Open Access

Pre-labor silent rupture of unscarred uterus at 32 weeks with intact amniotic sac extrusion: a case report

Cases Journal20092:7095

https://doi.org/10.4076/1757-1626-2-7095

Received: 7 April 2009

Accepted: 24 June 2009

Published: 16 July 2009

Abstract

Introduction

Spontaneous rupture of uterus in unscarred uterus prior to onset of labor in third trimester is extremely rare and to our knowledge, very few cases have been reported so far.

Case presentation

A 26-year-old third gravida women with 32 weeks pregnancy presented with pre-labor rupture uterus with extrusion of intact amniotic sac from the rent in uterine fundus.

Conclusion

Rupture uterus can present in third trimester even before labor and should be kept in differential diagnosis of pregnancy with abdominal pain of any degree with fetal demise.

Introduction

Spontaneous rupture of uterus has been reported many times in pregnant women mainly during labor, due to external injuries and in scarred uterus. However, spontaneous rupture in unscarred uterus prior to onset of labor in third trimester is extremely rare [1]-[3].

Case presentation

A 26-year-old pregnant women of Asian Indian origin was referred to the obstetric casualty by the general practitioner with a provisional diagnosis of placental abruption in view of abdominal pain, pallor and inability to find fetal heart. The women had insidious onset of pain for 12 hrs, and with reduced fetal movements for the same duration. The woman was third gravida with 32 weeks gestation, with previous two normal deliveries and an uneventful antenatal period. Her dating and anomaly scan were normal. There was also no history of trauma, any diagnostic or therapeutic intrauterine intervention, vaginal bleeding or labor pains. She had no significant past medical, surgical history or gynecological history.

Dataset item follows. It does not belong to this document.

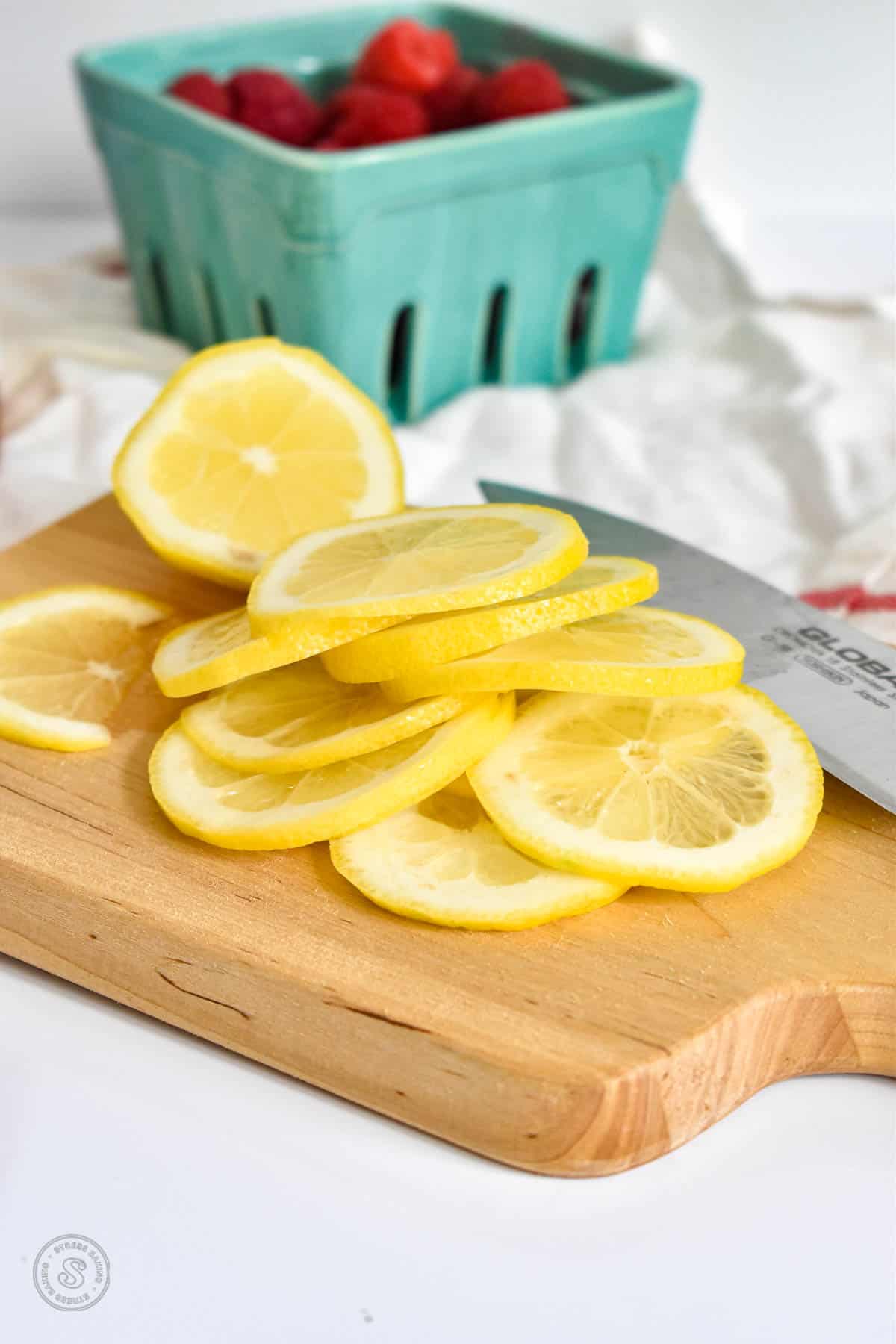 Thin slices of lemon on a small wooden cutting board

On examination, she was pale with respiratory rate of 28 per minute, pulse rate of 110 per minute and blood pressure of 90/60 mmHg. On abdominal examination, uterus measured 30 weeks, with mild abdominal tenderness and no increased tone. The uterine wall felt thin but with regular outline and no fetal part was palpable. Fetal heart could not be localized. Speculum examination showed no vaginal bleeding and there was marked tenderness on internal examination and cervix was uneffaced and os admitted tip of finger.

Ultrasound scan revealed fetal demise. An intact amniotic sac with fetus and normal volume of amniotic fluid, without any echogenecity to suggest blood, was seen lying outside the uterus. Uterus was deviated towards left iliac fossa. Diagnosis of rupture uterus with fetal demise was made and the woman was prepared for laparotomy. Blood investigations revealed hemoglobin of 7.7 gm% with no evidence of coagulopathy.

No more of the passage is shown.